+++ Supplied material
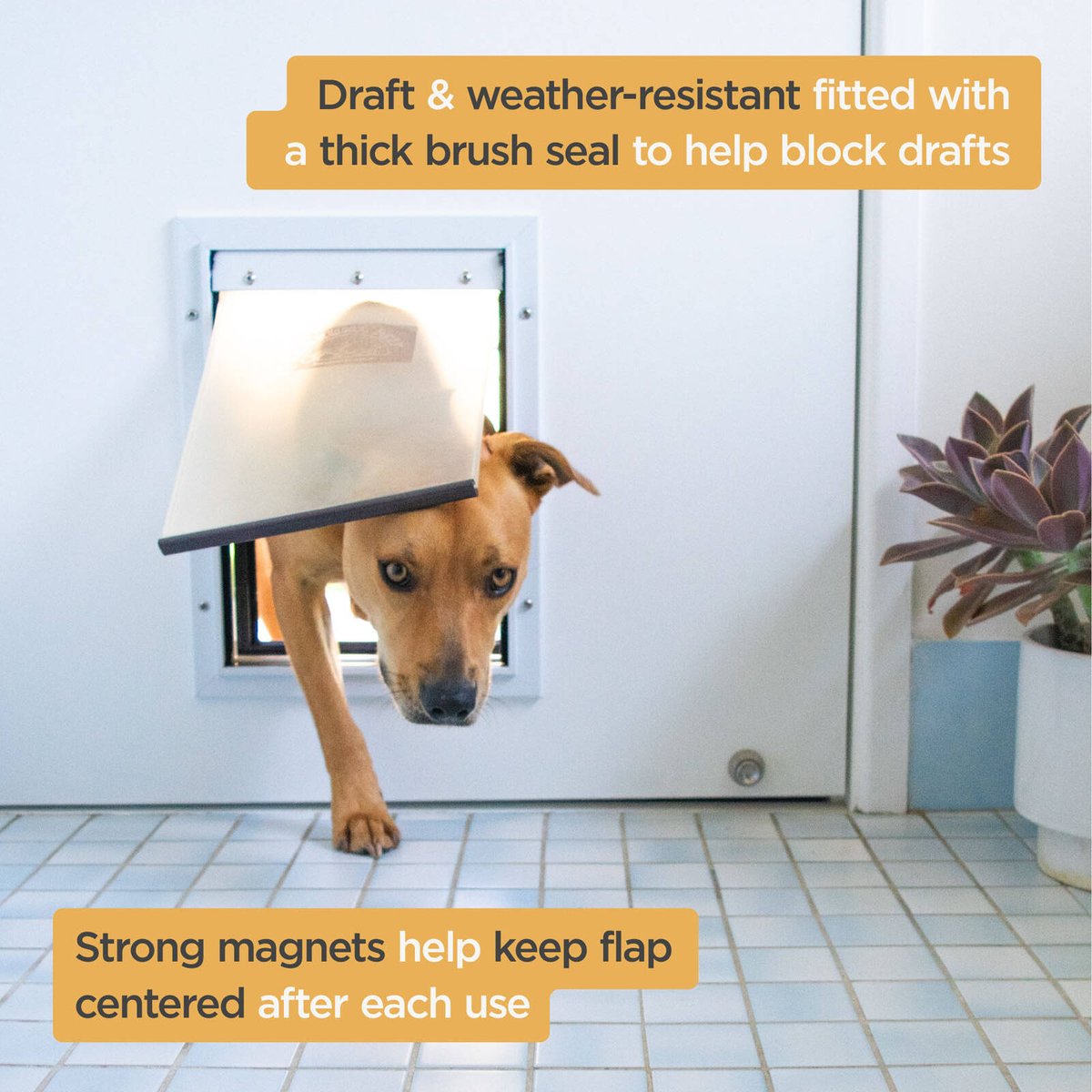 Hakuna Pets Medium Aluminium Pet Door 225mm W 305mm H Durable Design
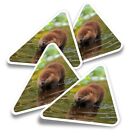 4x Triangle Stickers - North American Beaver Kit Baby #15569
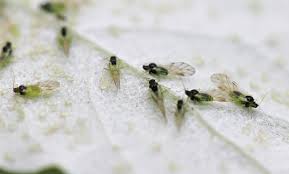 Attēlu rezultāti vaicājumam “Chaitophorus populeti”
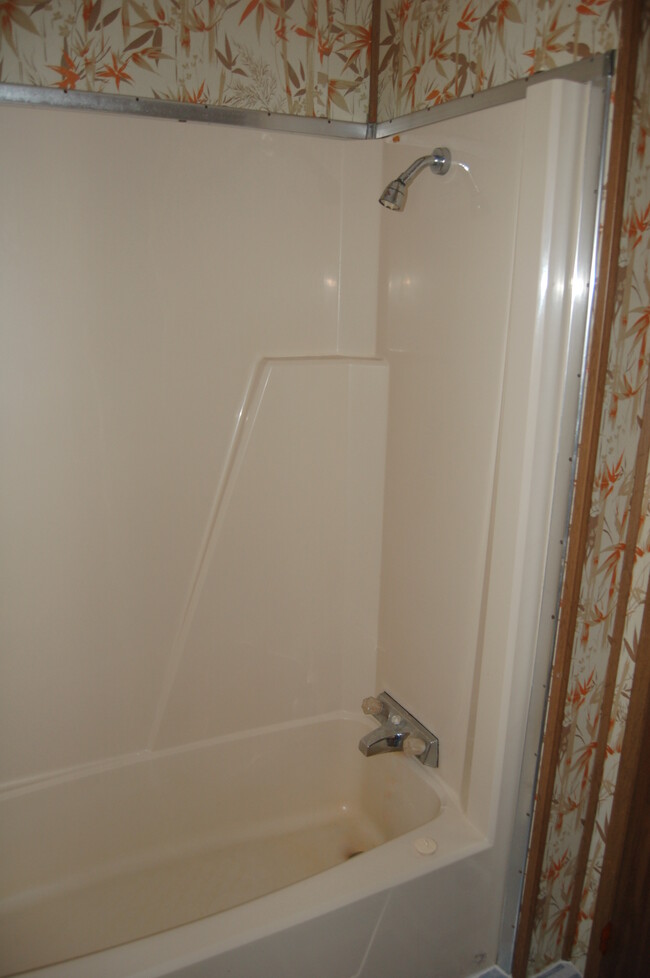 Master Bath Tub/Shower - 102 Menominee Trail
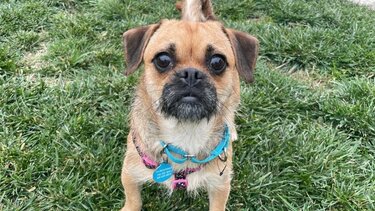 Ραγίζει καρδιές η αντίδραση σκύλου όταν συνειδητοποιεί ότι η οικογένεια του τον παραδίδει στο καταφύγιο - Βίντεο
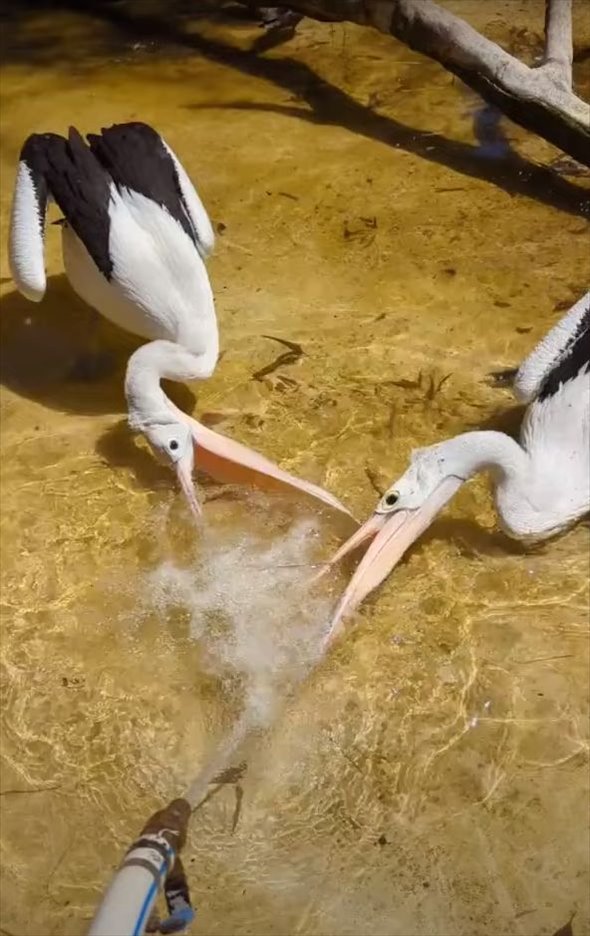 水遊びをするペリカンたち！その体勢がなんだかスゴいことになっていますよ！！【海外・動画】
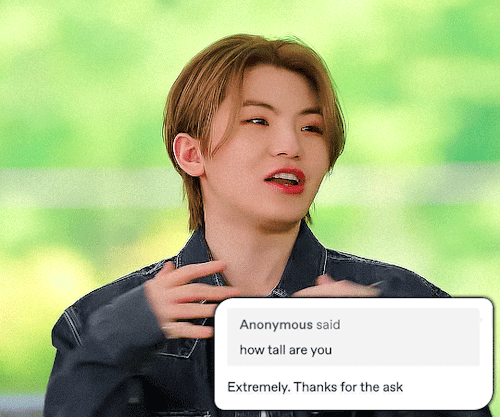 Seventeen As Tumblr Text Posts [2/?]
++++++
:: Instructions to follow ::
Reproduce exactly and only the lines from the one with "水遊びをするペリカンたち！そ" through the final line of the records above, inclusive. Pictures must be left out.

:: Answer space ::
 水遊びをするペリカンたち！その体勢がなんだかスゴいことになっていますよ！！【海外・動画】
 Seventeen As Tumblr Text Posts [2/?]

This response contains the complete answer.